Some key Oilers veterans may play no more than two pre-season games this fall. Because, as Connor McDavid said before camp, “Last year taught us that you can’t win the Cup in September and October, but you can certainly put yourself in a tough spot.”
Not going 2-9-1 to start the season is Job 1 in Edmonton. Winning the Pacific — or even the Western Conference — is Job 2.
“We want to get off to a better start and give ourselves a bit of a buffer,” Oilers forward Leon Draisaitl said. “Where, you know, maybe at the end of the season we are leading the division and have home ice on more occasions than not.”
It’s never easy to get away from hockey when you are an NHL star living in Canada — whether you stay in Edmonton or go home to Ontario. There just isn’t the same peace and quiet up here that an Anaheim Duck gets in Manhattan Beach, or a Star gets in Texas.
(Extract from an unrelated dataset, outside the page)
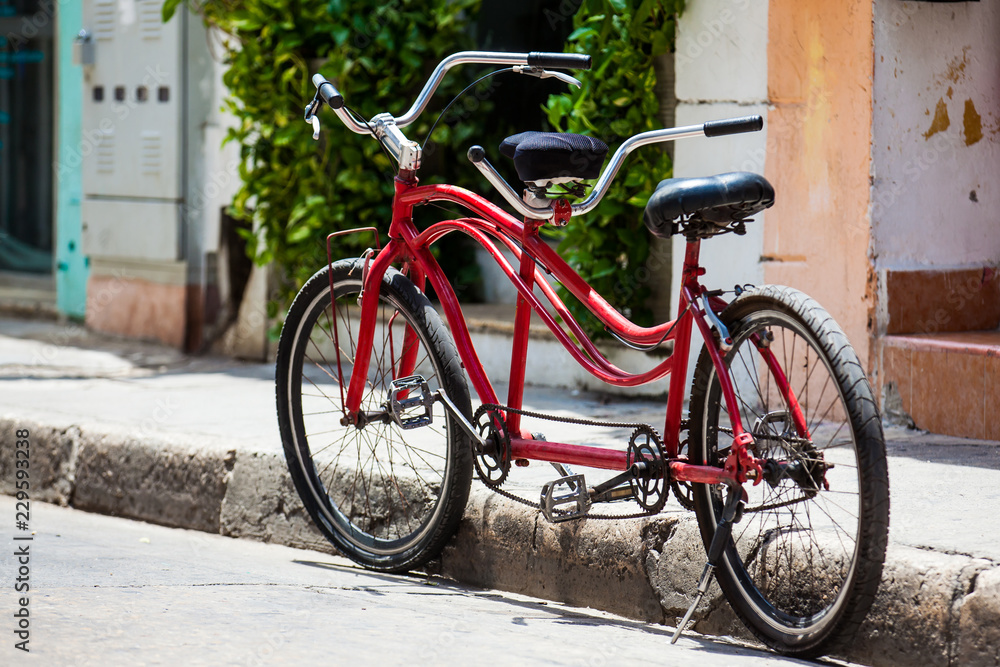 Bicycle parked at the beautiful streets of the walled city in Cartagena de Indias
When people approach Zach Hyman, they’re going to talk hockey. That’s simply how it works.
“But it’s always positive. It’s never negative in the sense that we didn’t win,” Hyman said. “It’s always, ‘Wow, thank you for giving us such an exciting run and something to cheer for. We’re so super excited about this year.’ That’s really been the message.”
With the first pre-season game set for Sunday, and a Western Conference championship banner set to be raised on Opening Night Oct. 9, team leadership will begin the job of getting this team back to where it wants to go, guided by shades of what went wrong last spring.
“Obviously, it was difficult,” Brown allowed. “We poured our blood, sweat and tears into that season, into that playoff run, and to have it end the way it did. … It’s difficult. But the show goes on.
“It’s kind of fueled us. It’s going to be the source of fuel and a foundation of work for our group to get back there.”
We’ll give the last word to Skinner, the last line of defence.
“It’s going to be really tough, and you’ve got to go through that whole process again, leading up to the Finals, to the playoffs. It’s a long year,” he added.
“The way that we handle that, it’s going to be key for us.”